The is operator verifies that the pointer is equal, and the == operator instead includes a calculation that depends on the type of objects.

A slight complication of this scheme is that if objects are immutable (for example, an integer), then for reasons of efficiency, the above code is really more like

  int *a = getFromCacheOrCreateNewInteger(1);

therefore sometimes (but this is an implementation detail) immutable objects can be the same object for is , even if they are created regardless of the logical point of view (for example, it can be 1+1 is 2-1 , but without guarantees):

 >>> 1+2 is 2+1 True >>> 99999+1 is 1+99999 False >>>

To add a little more confusion that even if really alla variables in Python are pointers, it is pretty surprising that there is no concept of a pointer in Python, in other words, there is no way to pass a function in which of your variables something should be stored.

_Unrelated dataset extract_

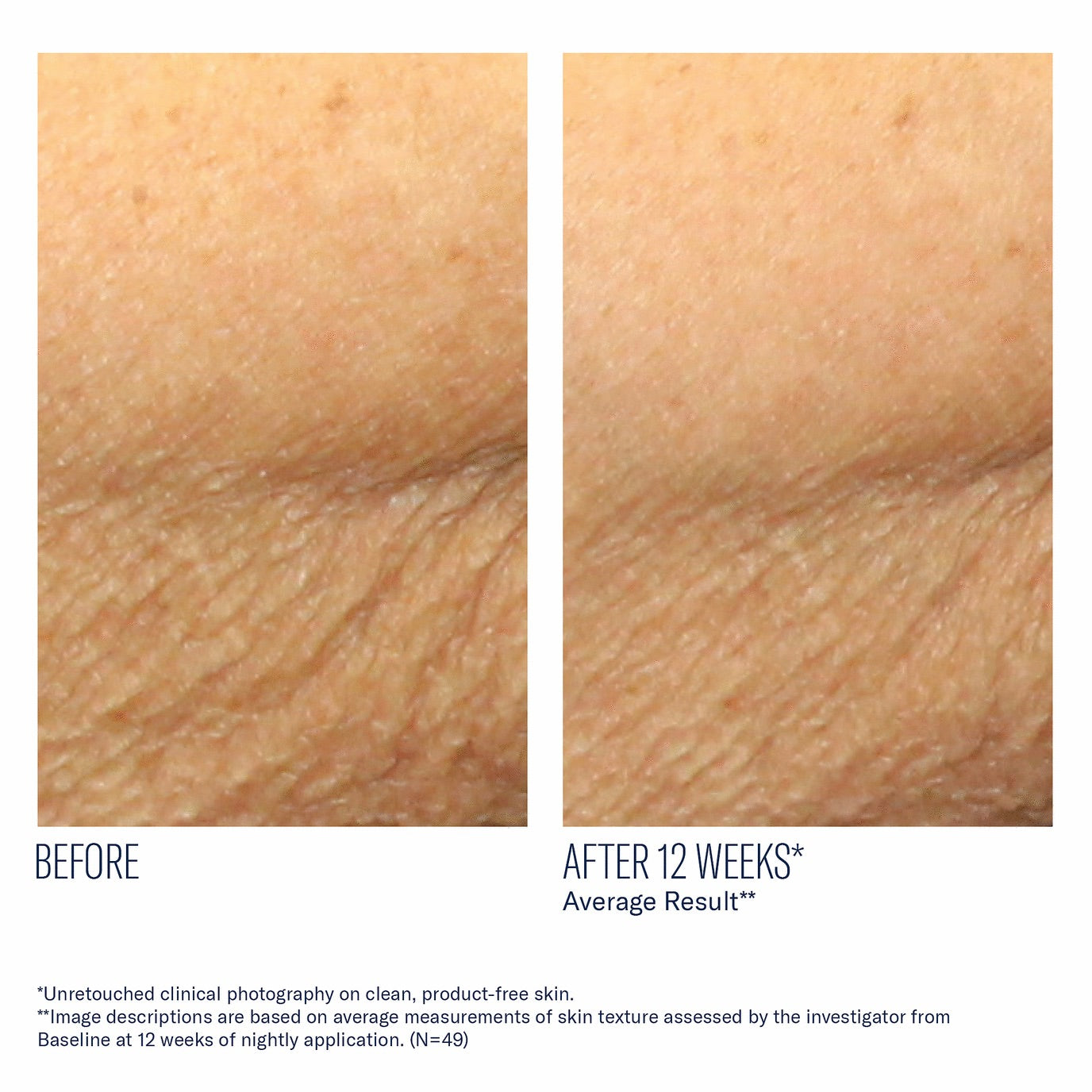 AlphaRet Body Overnight Cream - Skinbetter Science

To do this, you need to either pass the name (if the variable is global) or pass the setter function, which will be called (if the variable is local). This is not a big annoyance, as in most cases you just need a few return values, and this is handled well by Python:

 def foo(x): return x+1, x-1 a, b = foo(12)

Another annoyance is that if you really need to pass the setter to a local variable without a name (like a list item), this cannot be anonymous lambda , because assignment is an expression and lambda only one expression is allowed . However, you can define local functions for this ...

 def foo(x, setter): setter(x + 1) def bar(): mylocal = [1,2,3] def setFirst(value): mylocal[0] = value foo(32, setFirst)

(OK. I lied ... it is really possible to use lambda value: mylocal.__setitem__(0, value) , but this is a more or less undesirable incident; lambda so hateful in Python that, when they find out that it is possible, they will probably be added another restriction on the language to prohibit it ;-)).

If you want to change the named local, this is simply not possible in Python 2.x (but possibly with Python 3.x and nonlocal ).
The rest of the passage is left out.